#### [Task item]
An exact transcription of the entries is required, with none of the pictures carried over.

#### [Brief descriptive captions]
☆ ☆ ☆
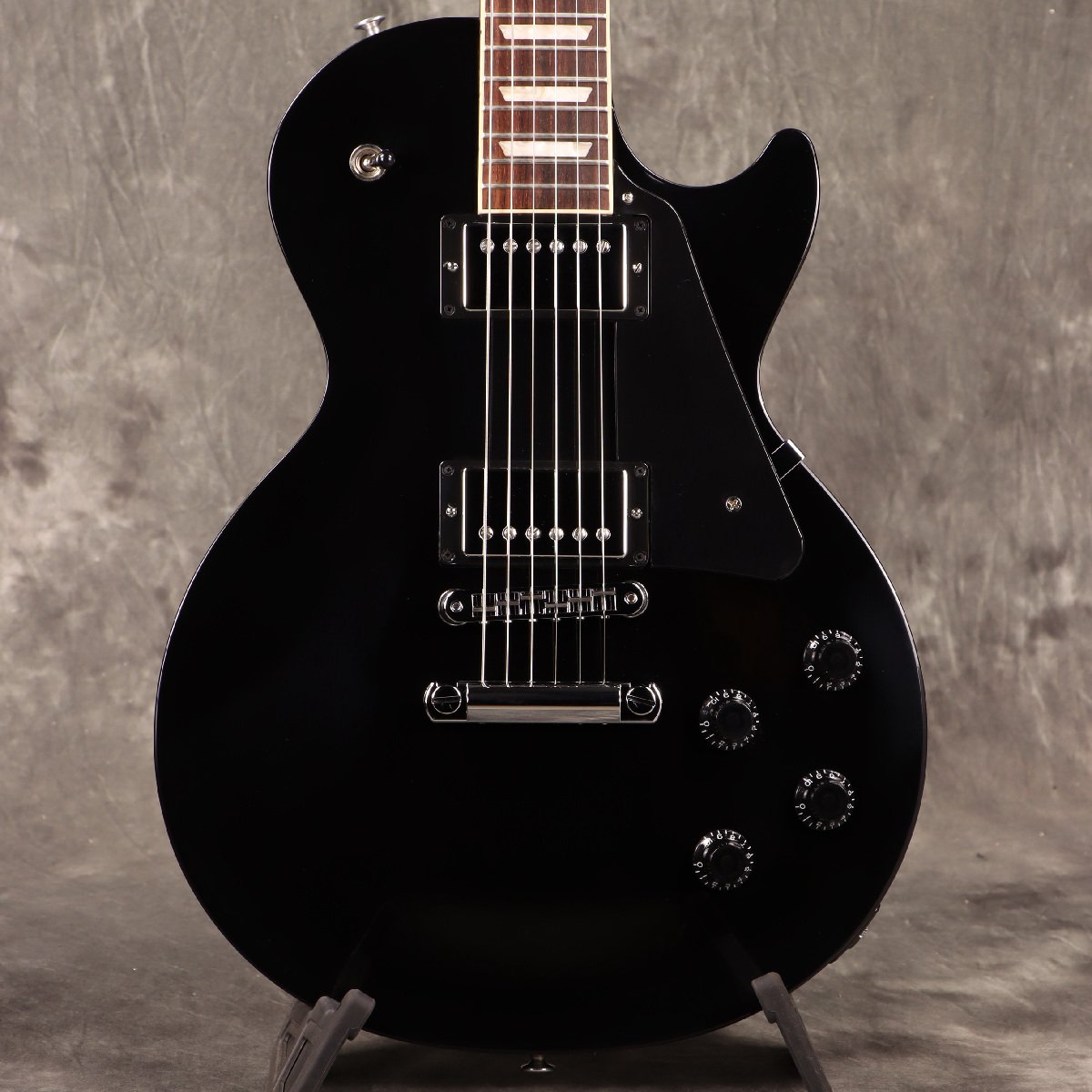 楽天市場】gibson les paul studio ebonyの通販 楽天市場】gibson les paul studio ebonyの通販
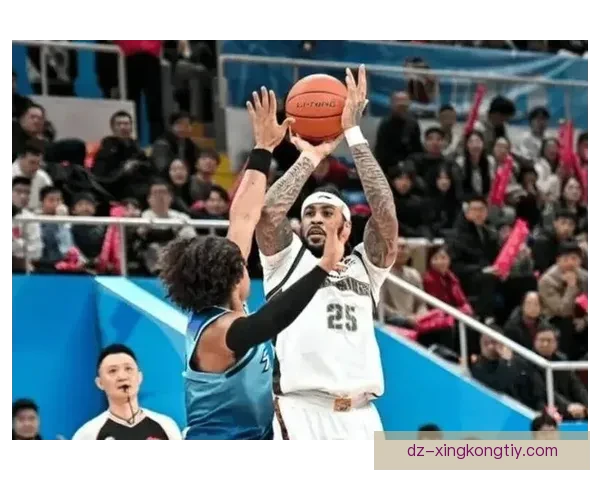 乌戈莫兰德强调快防篮板制胜之道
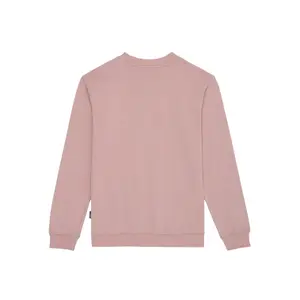 Sweatshirt round neck child Fila Carisio Logo image-1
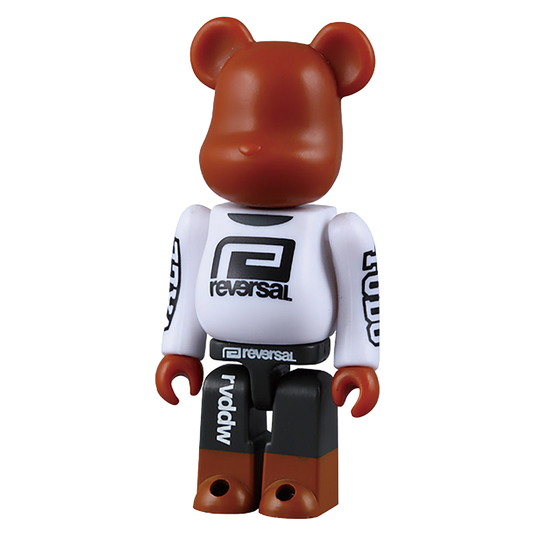 BE@RBRICK rvddw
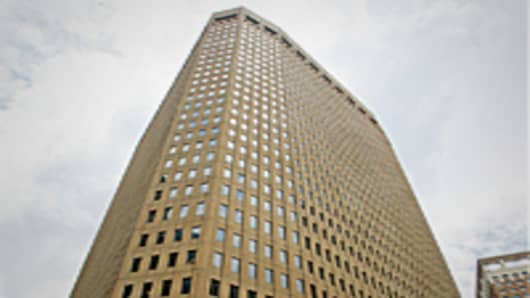 Goldman_Sachs_Building2.jpg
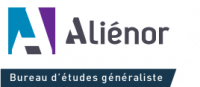 GROUPE ALIENOR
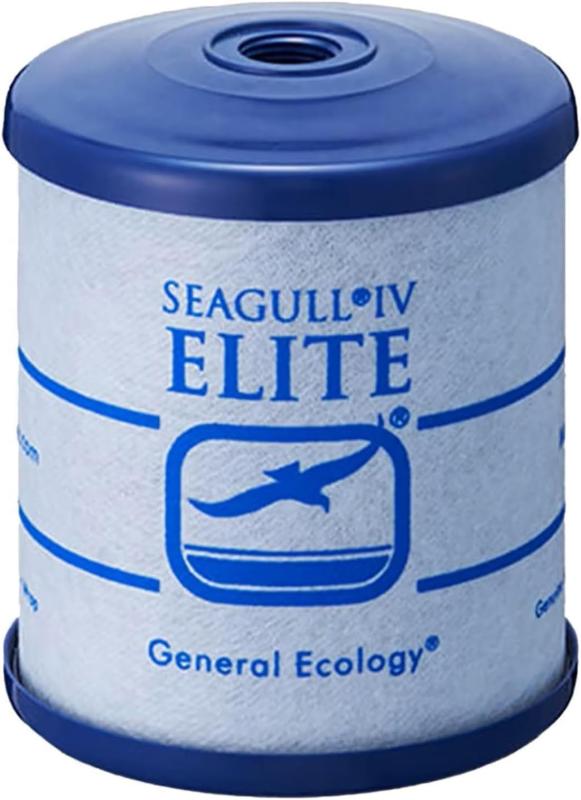 RS-1SGE Seagull IV 旧シーガルフォー 旧本体用 X1- X-1全タイプ (X-1BE/X-1DEを除く) 交換カートリッ ELITEシリーズ 本体用 互換品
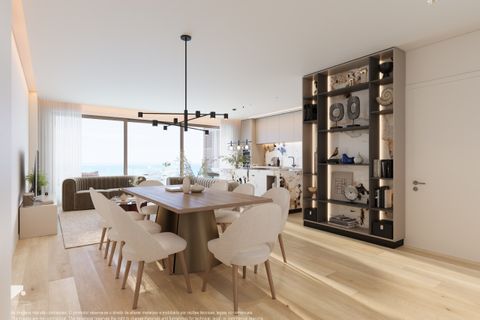 Lejlighed i Calheta, Madeira, Calheta - € 850.000 | Ref: ORN_A2_3K - foto 20
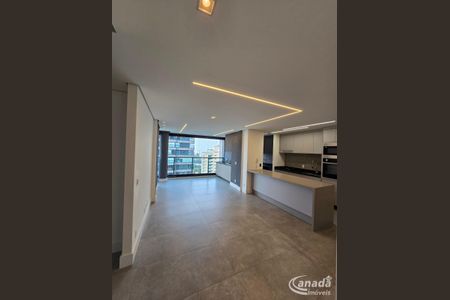 3_photo/94ce55f5f1.76cbe6efd0c67bbc-ATLAS-2e6a5973-3515-41a7-9540-bd7cacfaead5.jpg de apartamento para alugar com 3 quartos, 116m² em Vila Yara, Osasco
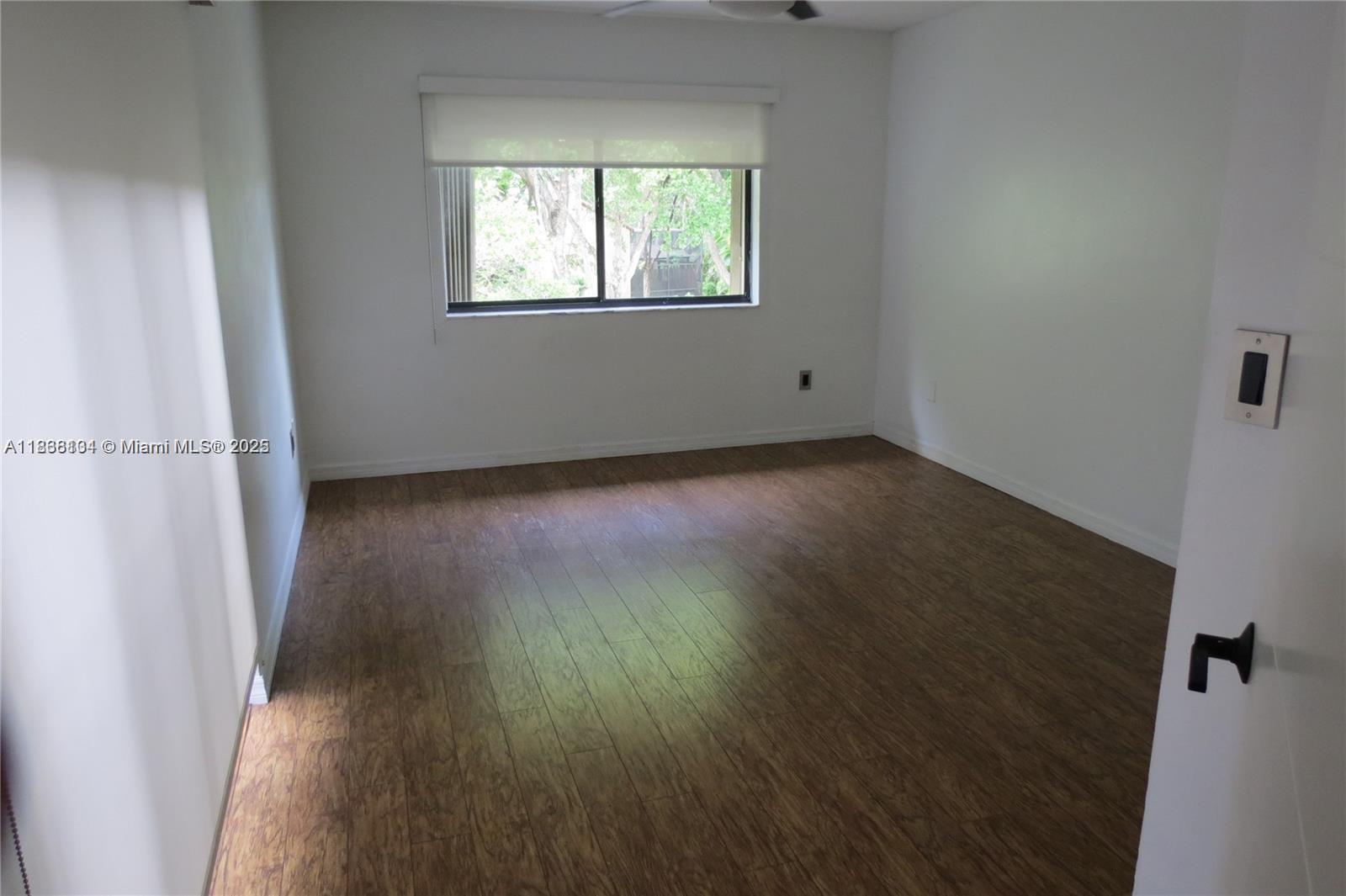 9931 Costa Del Sol Blvd #F-107, Doral, Florida image 22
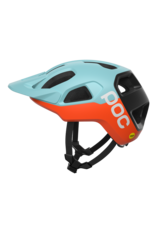 POC BIKE POC Cularis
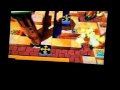 Ms. pacman maze madness gameplay part 2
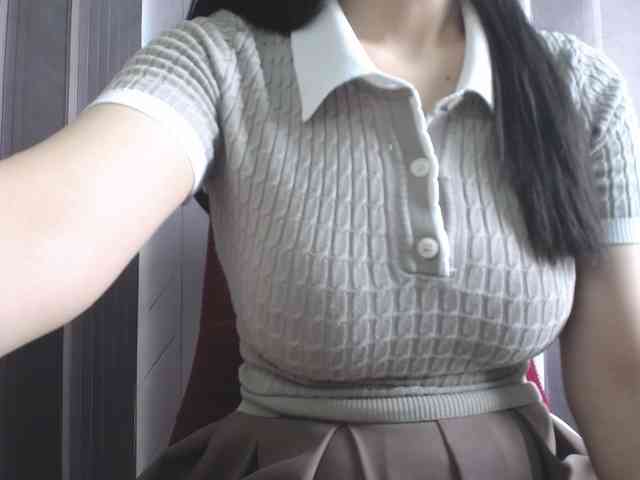 SalaChan webcam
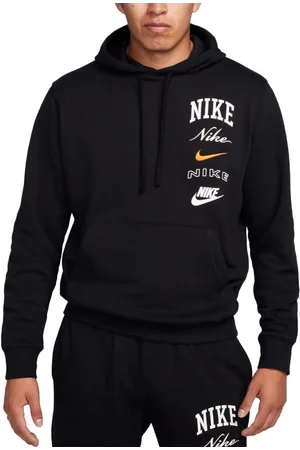 Nike Jersey FN2634 para hombre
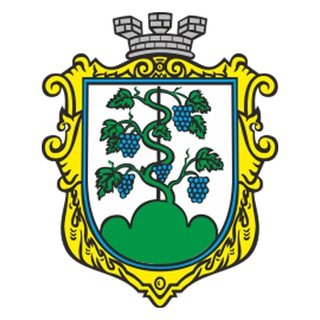 Логотип телеграм -каналу mog_pod_mr — Могилів-Подільська міська рада
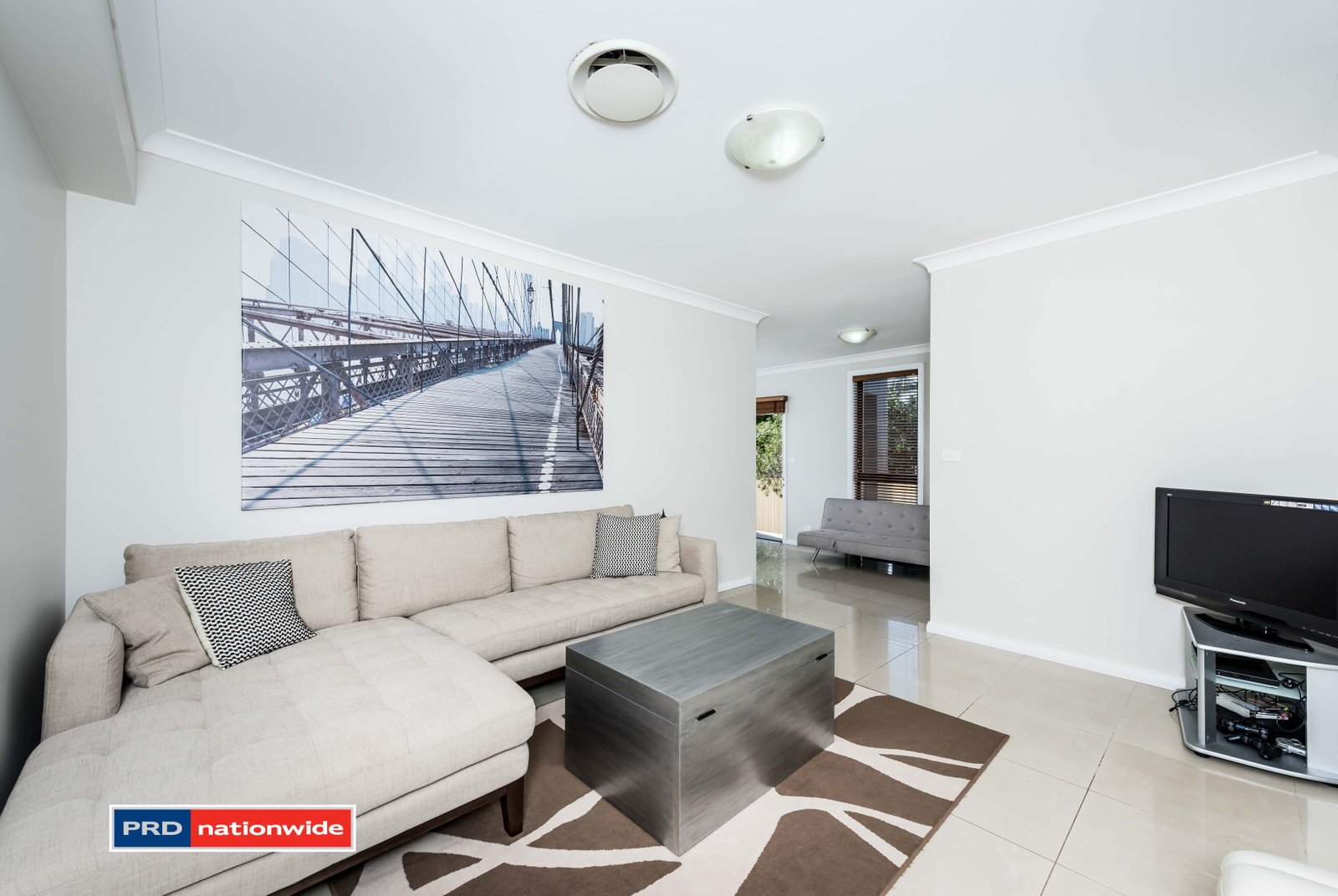 5/29 Wahgunyah Road NELSON BAY 3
☆ ☆ ☆
#### [Written solution]
 楽天市場】gibson les paul studio ebonyの通販 楽天市場】gibson les paul studio ebonyの通販
 乌戈莫兰德强调快防篮板制胜之道
 Sweatshirt round neck child Fila Carisio Logo image-1
 BE@RBRICK rvddw
 Goldman_Sachs_Building2.jpg
 GROUPE ALIENOR
 RS-1SGE Seagull IV 旧シーガルフォー 旧本体用 X1- X-1全タイプ (X-1BE/X-1DEを除く) 交換カートリッ ELITEシリーズ 本体用 互換品
 Lejlighed i Calheta, Madeira, Calheta - € 850.000 | Ref: ORN_A2_3K - foto 20
 3_photo/94ce55f5f1.76cbe6efd0c67bbc-ATLAS-2e6a5973-3515-41a7-9540-bd7cacfaead5.jpg de apartamento para alugar com 3 quartos, 116m² em Vila Yara, Osasco
 9931 Costa Del Sol Blvd #F-107, Doral, Florida image 22
 POC BIKE POC Cularis
 Ms. pacman maze madness gameplay part 2
 SalaChan webcam
 Nike Jersey FN2634 para hombre
 Логотип телеграм -каналу mog_pod_mr — Могилів-Подільська міська рада
 5/29 Wahgunyah Road NELSON BAY 3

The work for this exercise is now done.